1st century BC Greco-Roman Neo-Attic school sculptor
Biographical data adapted from Wikipedia’s article on Pasiteles (CC BY-SA 4.0).
Biography
Pasiteles was a Neo-Attic sculptor and writer in Rome during the first century BC, living at the same time as Julius Caesar. Originally from Magna Graecia, the Greek-influenced part of southern Italy, he gained Roman citizenship, highlighting his importance and the blending of Greek and Roman cultures in the late Republic. He worked with many materials, including marble, silver, ivory, and bronze, showing a technical variety that was rare even among skilled sculptors of his time.
His workshop produced both replicas and creative variations of famous Greek sculptures, satisfying Roman patrons who were eager for pieces rooted in classical Greek tradition. His students, Stephanus and Menelaus, continued this work, and some pieces attributed to them or their group are in museums today. Known as the Pasitelean school, this approach helped carry on and reshape the legacy of earlier Greek artists for Roman viewers.
Pasiteles created an ivory statue of Jupiter for the temple of Metellus and made statues for the temple of Juno in the portico of Octavia, earning prestigious public commissions that placed his art in significant religious sites in Rome. Writer Varro noted that Pasiteles always made a clay model before crafting a statue, showing a methodical and thoughtful approach to sculpture.
Besides sculpting, Pasiteles was an important writer. He wrote five books on notable sculptures and metalwork from around the world, referred to by Pliny as quinque volumina nobilium operum in toto. Pliny, who used Pasiteles as a source for his own Natural History, saw him as a more trustworthy expert on silverwork than Xenocrates or other earlier writers. Although these books are lost, they show Pasiteles engaged with art as both a creator and a scholar.

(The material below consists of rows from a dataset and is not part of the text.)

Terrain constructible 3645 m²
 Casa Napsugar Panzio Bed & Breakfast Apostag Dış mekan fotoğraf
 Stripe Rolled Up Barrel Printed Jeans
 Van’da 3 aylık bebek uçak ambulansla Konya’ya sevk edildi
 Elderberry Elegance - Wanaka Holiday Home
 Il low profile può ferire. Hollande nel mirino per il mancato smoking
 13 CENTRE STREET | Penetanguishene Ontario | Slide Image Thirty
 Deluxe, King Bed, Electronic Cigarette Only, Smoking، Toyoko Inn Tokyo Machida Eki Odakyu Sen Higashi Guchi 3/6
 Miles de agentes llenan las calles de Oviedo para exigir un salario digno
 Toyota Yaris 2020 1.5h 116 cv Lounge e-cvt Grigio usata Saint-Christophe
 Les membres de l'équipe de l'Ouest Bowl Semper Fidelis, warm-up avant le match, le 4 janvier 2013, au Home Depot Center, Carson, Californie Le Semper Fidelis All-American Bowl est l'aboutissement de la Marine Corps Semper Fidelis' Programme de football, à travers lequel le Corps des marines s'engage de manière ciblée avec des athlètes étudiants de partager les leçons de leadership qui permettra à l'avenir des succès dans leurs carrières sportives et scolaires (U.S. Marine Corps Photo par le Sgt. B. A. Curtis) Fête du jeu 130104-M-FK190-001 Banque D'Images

Pliny sometimes alternates between calling him Pasiteles and Paxiteles, which has occasionally led to confusion with the earlier Athenian artist Praxiteles. Despite this spelling inconsistency in ancient texts, modern scholars recognize Pasiteles as an important figure in understanding how Greek artistic styles influenced Roman culture during the late Republic.
Before Fame
The early life of Pasiteles is a mystery, as ancient texts focus more on his achievements than his background or education. What is known is that he was born in Magna Graecia, a group of Greek colonial cities across southern Italy and Sicily, where Greek cultural traditions remained strong during the Roman period. This would have exposed him to Greek artistic techniques and the well-known sculptures that influenced his later writings.
By the first century BC, Rome was the leading power in the Mediterranean, and wealthy Romans were eager to acquire Greek art or high-quality replicas to decorate their homes, temples, and public areas. As a sculptor trained in Magna Graecia, well-versed in Greek art but working in the Roman world, he was ideally situated to fulfill this demand. His Roman citizenship points to a significant reputation, likely recognized officially before or during his most notable commissions.
Key Achievements
- Founded the Pasitelean school of Neo-Attic sculpture, whose output included pupils Stephanus and Menelaus
- Authored five books cataloguing celebrated works of sculpture and chased metalwork from across the ancient world
- Created an ivory statue of Jupiter for the temple of Metellus in Rome
- Produced sculptures for the temple of Juno in the portico of Octavia
- Granted Roman citizenship in recognition of his standing as an artist and intellectual
Did You Know?
- 01.Pliny records that Pasiteles never produced a finished sculpture without first creating a clay model, a practice noted by his Roman contemporary Varro as a defining habit.
- 02.While working on a sculpture near the docks in Rome, Pasiteles reportedly came dangerously close to a lion that had escaped from a cage, an anecdote preserved in ancient sources to illustrate either his courage or his single-minded concentration.
- 03.Pliny considered Pasiteles a more authoritative source on chased silverwork than Xenocrates, who was himself regarded as a leading ancient writer on the subject.
- 04.His name appears in Pliny's Natural History under two different spellings, Pasiteles and Paxiteles, causing occasional confusion with the famous fourth-century BC Athenian sculptor Praxiteles.
- 05.His five-volume survey of celebrated sculptures and metalwork from across the ancient world, though entirely lost today, was one of the most ambitious art-historical projects known from antiquity.